No, desde luego, en el sentido de “los dos demonios”, ni en el
sentido de una admonición humanista abstracta, “liberal”, que
diría que la violencia es violencia, venga de donde venga. Sino en
el sentido de una cinta de Moebius donde la violencia es el recorrido
mismo de los sujetos, en su afán por, unos, hacerse sujetos; los
otros, impedir que lo sean. Además, Fanon no es un humanista
abstracto, pero es un humanista, plenamente consciente de aquella
problematicidad trágica, irresoluble, que atraviesa al sujeto
atrapado en el destino de violencia que es el del colonialismo. Su
formación de psiquiatra herético, pero también fenomenológica y
existencialista (es un gran lector de Sartre, de Merleau-Ponty) lo
llevan a no perder nunca de vista, a no disolver en generalizaciones
retóricas, la corporal y subjetiva, la experiencia vivida del
sujeto. De todos los sujetos: también del colonialista.
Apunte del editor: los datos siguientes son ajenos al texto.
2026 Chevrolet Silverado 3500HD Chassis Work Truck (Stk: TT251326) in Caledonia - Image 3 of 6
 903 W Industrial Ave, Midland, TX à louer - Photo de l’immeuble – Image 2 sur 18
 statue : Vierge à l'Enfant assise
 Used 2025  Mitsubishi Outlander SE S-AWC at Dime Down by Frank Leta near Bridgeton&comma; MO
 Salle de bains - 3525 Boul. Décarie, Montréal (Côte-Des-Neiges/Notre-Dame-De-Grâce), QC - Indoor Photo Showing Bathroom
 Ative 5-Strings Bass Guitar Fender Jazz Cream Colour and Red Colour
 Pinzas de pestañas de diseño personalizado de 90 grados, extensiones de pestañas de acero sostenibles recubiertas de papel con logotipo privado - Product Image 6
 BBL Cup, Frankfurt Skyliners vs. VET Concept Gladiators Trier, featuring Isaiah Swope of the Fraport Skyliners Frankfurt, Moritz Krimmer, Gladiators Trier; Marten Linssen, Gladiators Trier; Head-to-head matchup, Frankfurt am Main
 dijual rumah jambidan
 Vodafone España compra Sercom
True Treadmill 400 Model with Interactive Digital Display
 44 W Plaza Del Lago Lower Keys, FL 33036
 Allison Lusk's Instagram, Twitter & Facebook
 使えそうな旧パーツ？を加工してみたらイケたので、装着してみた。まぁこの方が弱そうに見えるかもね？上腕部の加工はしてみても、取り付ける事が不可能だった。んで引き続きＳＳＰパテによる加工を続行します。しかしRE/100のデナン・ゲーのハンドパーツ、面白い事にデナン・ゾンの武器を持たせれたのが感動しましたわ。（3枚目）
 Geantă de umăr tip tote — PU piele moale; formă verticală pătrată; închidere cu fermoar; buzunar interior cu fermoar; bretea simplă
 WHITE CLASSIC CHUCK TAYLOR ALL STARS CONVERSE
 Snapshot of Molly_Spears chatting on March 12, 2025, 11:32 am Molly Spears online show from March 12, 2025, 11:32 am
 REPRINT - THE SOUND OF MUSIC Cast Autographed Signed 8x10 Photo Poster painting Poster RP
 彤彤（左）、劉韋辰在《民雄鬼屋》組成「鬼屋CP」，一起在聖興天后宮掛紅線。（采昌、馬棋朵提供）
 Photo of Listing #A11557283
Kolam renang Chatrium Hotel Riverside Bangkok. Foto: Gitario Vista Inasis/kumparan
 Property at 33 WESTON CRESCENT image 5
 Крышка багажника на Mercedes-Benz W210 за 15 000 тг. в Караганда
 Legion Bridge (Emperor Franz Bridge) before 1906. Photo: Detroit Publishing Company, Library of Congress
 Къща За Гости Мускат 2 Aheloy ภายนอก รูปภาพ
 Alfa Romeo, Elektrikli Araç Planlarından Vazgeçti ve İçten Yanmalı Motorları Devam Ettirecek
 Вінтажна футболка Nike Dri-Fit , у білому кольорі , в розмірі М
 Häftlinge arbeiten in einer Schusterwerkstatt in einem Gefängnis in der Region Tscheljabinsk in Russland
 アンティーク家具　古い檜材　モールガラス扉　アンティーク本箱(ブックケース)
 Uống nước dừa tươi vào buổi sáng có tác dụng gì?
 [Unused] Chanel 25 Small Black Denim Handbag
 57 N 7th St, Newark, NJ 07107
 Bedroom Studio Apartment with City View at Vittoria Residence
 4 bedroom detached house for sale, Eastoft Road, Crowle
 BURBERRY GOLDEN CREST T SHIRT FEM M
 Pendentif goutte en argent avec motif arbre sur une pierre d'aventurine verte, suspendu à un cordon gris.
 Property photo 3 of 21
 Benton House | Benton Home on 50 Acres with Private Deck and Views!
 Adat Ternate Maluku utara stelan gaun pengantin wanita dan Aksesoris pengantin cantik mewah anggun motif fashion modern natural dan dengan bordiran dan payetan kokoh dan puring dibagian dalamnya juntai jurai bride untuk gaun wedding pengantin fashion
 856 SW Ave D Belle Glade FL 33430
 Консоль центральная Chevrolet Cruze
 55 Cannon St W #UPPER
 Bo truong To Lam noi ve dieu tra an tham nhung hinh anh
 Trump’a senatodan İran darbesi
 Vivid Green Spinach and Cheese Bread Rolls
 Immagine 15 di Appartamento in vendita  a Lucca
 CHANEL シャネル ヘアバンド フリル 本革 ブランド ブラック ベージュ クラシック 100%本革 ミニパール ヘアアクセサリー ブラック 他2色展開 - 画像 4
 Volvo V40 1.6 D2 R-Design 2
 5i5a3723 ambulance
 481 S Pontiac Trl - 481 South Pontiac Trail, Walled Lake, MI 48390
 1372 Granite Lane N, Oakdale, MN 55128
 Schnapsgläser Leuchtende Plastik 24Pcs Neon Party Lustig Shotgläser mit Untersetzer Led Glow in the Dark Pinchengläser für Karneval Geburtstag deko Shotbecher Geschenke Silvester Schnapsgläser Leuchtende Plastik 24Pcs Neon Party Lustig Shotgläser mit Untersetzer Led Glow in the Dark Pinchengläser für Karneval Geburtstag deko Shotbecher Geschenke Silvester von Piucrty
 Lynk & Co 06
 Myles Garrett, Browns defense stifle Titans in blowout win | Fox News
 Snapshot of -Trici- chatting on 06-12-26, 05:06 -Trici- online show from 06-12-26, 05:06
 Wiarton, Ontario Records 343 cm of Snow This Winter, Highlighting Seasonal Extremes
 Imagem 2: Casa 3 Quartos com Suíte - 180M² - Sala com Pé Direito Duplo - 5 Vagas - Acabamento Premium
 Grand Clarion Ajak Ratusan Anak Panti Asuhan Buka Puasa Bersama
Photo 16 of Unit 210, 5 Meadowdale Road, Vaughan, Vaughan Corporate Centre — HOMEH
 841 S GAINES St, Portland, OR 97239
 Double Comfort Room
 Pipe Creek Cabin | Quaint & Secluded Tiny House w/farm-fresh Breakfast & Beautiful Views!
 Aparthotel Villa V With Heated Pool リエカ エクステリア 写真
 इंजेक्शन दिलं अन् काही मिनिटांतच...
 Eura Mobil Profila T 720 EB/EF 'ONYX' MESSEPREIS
Fanon sabe
–en Los Condenados…hay
páginas inolvidables al respecto- que, en la vorágine de la guerra
anticolonial, el ocupante también vive intensamente el terror: no
solamente el terror de ser víctima de un atentado, de un asesinato,
sino también el de la pérdida de su propio “ser” comunitario,
puesto que en cierto modo también él, mediatizado por toda su
cultura, se ha hecho sujeto por (se ha hecho carne en él) su lugar
de colonizador. He aquí otra dimensión plenamente trágica: que el
colonizador no sea menos humano que el colonizado. Sólo que el
colonizador sabe por qué es humano; el colonizado tiene que
descubrirlo: tampoco allí hay simetría posible.
Nada
que celebrar, pues. Pero ello no quita –y esto es la verdadera,
inaudita, lucidez de Fanon- que sea la violencia la que explica que
no haya nada que celebrar. La condena de la violencia –algo que
todos podemos compartir- no la elimina como razón de ser y como
“analizador” de lo que nos sucede. La “historización”,
incluso la estetización que a veces se ha hecho de Fanon, arguyendo
que su reflexión sobre la violencia es tributaria de un momento
histórico ya pretérito, pierde completamente el centro de la
cuestión: nuestro mundo, todo él, y con nueva dramaticidad en el
estricto aquí y ahora, es producto de la violencia de la cual habla
Fanon. Puede que esa violencia ya no pueda llamarse “colonial” en
el sentido estricto (histórico-social, político, económico) del
término. Pero, ¿cómo no ver que fue así que se conformó, que
adquirió su lógica profunda de funcionamiento, nuestro mundo
moderno, incluso nuestro pensamiento moderno, nuestra manera de
vivir, sin saberlo, la modernidad? Y, claro está, eso que se llamó,
alguna vez, post modernidad: no se trata de hacer reduccionismos,
pero sería francamente estúpido excluir a la globalización –con
sus consecuencias de polarización económica y social (la más aguda
en toda la historia de la modernidad), miseria física, moral,
cultural, corrupción política y nuevas guerras neocoloniales que
hoy mismo estamos presenciando –de esa lógica mediante la cual la
violencia colonialista creó las condiciones para la mundialización
del capital, sentó las bases del sistema-mundo que hoy nos rige.
Y
además, aquí no estamos haciendo “ciencia” política: nada nos
inhibe –para volver a la cuestión del pensamiento- de usar la
categoría de “violencia colonial”, en un sentido lato pero
estricto, para hablar, en general y de manera, sí, filosófica, de
ese modo de la producción de la racionalidad que Adorno –a quien
Fanon, que yo sepa, no cita, pero con el que tiene una sorprendente
afinidad de pensamiento- llamó “instrumental”, y que implica (es
una expresión del propio Adorno) la colonización lo concreto por lo
abstracto, de la singularidad cualitativa por la “falsa totalidad”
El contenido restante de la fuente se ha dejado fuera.